I found a mention of this little gem in Google's "books online" search feature. I went to the SOSU library and there it was, locked in an archive cabinet! Their very kind and helpful librarian let me sit and read it under the watchful eye of a student worker. I love librarians!
Indian Territory, by D.C. Gideon
published by The Lewis Publishing Co. , New York
Caddo- pages 188-189
"In the heart of the most delightful agricultural section of the Choctaw nation is building a substantial city with a population now of almost two thousand inhabitants. Almost every one of the early landmarks has been destroyed by fire, but the sites of former wooden buildings in every instance is now occupied by handsome brick structures of modern design and of large capacity that would grace any town in the Territory. In every particular Caddo is “up-to-date”, and still there is room for other business enterprises, to accommodate the rapid growth of the surrounding country, the development of which is truly surprising. Situated as she is between the beautiful Blue river on the south and Caney on the north, she is without competition of any sort sixteen miles north and south and forty miles from east to west. The soil is of the rich, black, waxy and sandy loams that produce surprising crops of cereals, and it is not uncommon for these lands to produce from one to one and one-fourth bales of cotton per acre. Adjoining the village in 1900 C.A. Semple sowed one hundred and ten acres in wheat, which produced twenty-four bushels per acre, weighing sixty-four pounds per bushel, for which he was offered seventy cents per bushel at the machine. In this part of the nation oats frequently produce seventy-five bushels, and corn from fifty to sixty bushels per acre.

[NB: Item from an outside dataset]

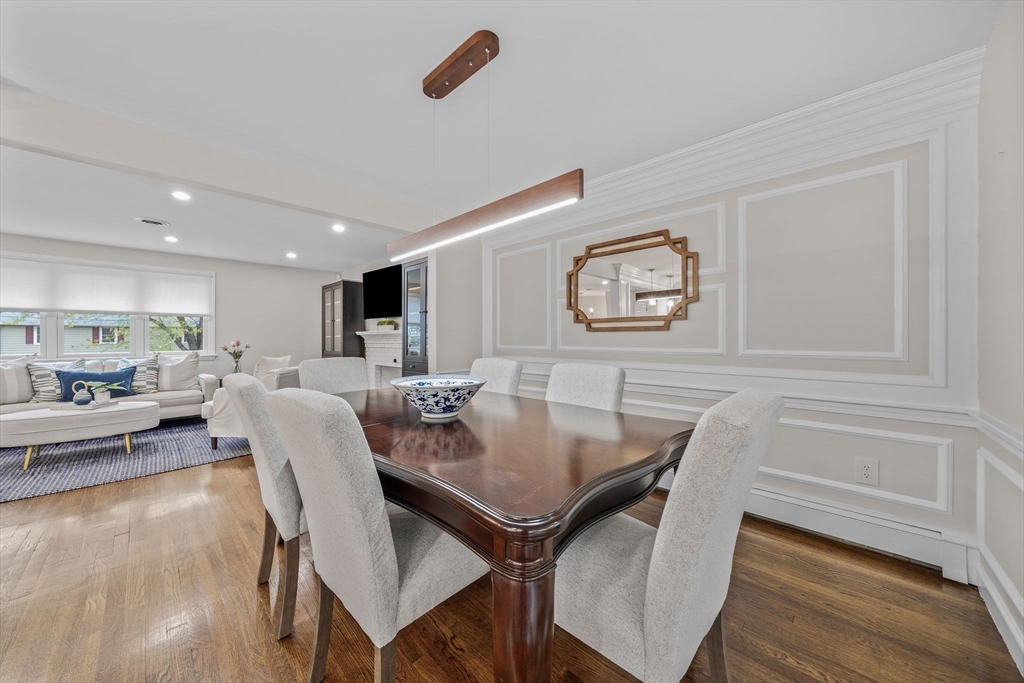3 Burke Dr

In addition to her delightful location as a place of residence, Caddo has a cosmopolitan population, in which the arts and professions are well represented. She has a good school, several church buildings, many large stores that carry general merchandise, a bank, two large lumber yards and two large cotton-gins, and next year will have another, four of the best blacksmiths in the country, two fine hotels, two excellent livery stables, barber shops, meat markets, and lawyers and doctors galore.
The pride of the town is the Caddo Herald, published by G. A. Crossett. The Herald is now in its seventh year, and is prosperous, widely read and one of the cleanest papers published in Indian Territory. J. S. Hancock, its former publisher, was for many years the postmaster of the village.
The first store building erected in Caddo was built and occupied my Major Aaron Harlan, who was also the first resident. His widow, Mrs. Sarah Harlan, yet resides in the property. The store occupied the site where C.A. Hancock’s store stood and is now vacant. Messrs. Cox and W. H. Ainsworth and Dr. W. S. Burks were the next merchants. Mr. Ainsworth is still in business. J.S. Hancock was the first hotel proprietor. he operated the Southern in its palmy days, but his first experience as landlord was in a large tent that stood north of Ainsworth’s store. This was in the embryonic period of Caddo’s existence and while the railroad was building.
Drs. Fendall and Williams were early arrivals, and soon afterward Dr. J.B. Jones erected a drug store and stocked it with drugs. W.P. Booker, still in business, was the first harness maker. F. M. Fox and Dick Locke, the noted Choctaw politician were the first liverymen. Peter Hamer, still in business, was the first blacksmith. The citizens built a small church, that was also used for school purposes at an early date, and in this Professor Jones taught the first school."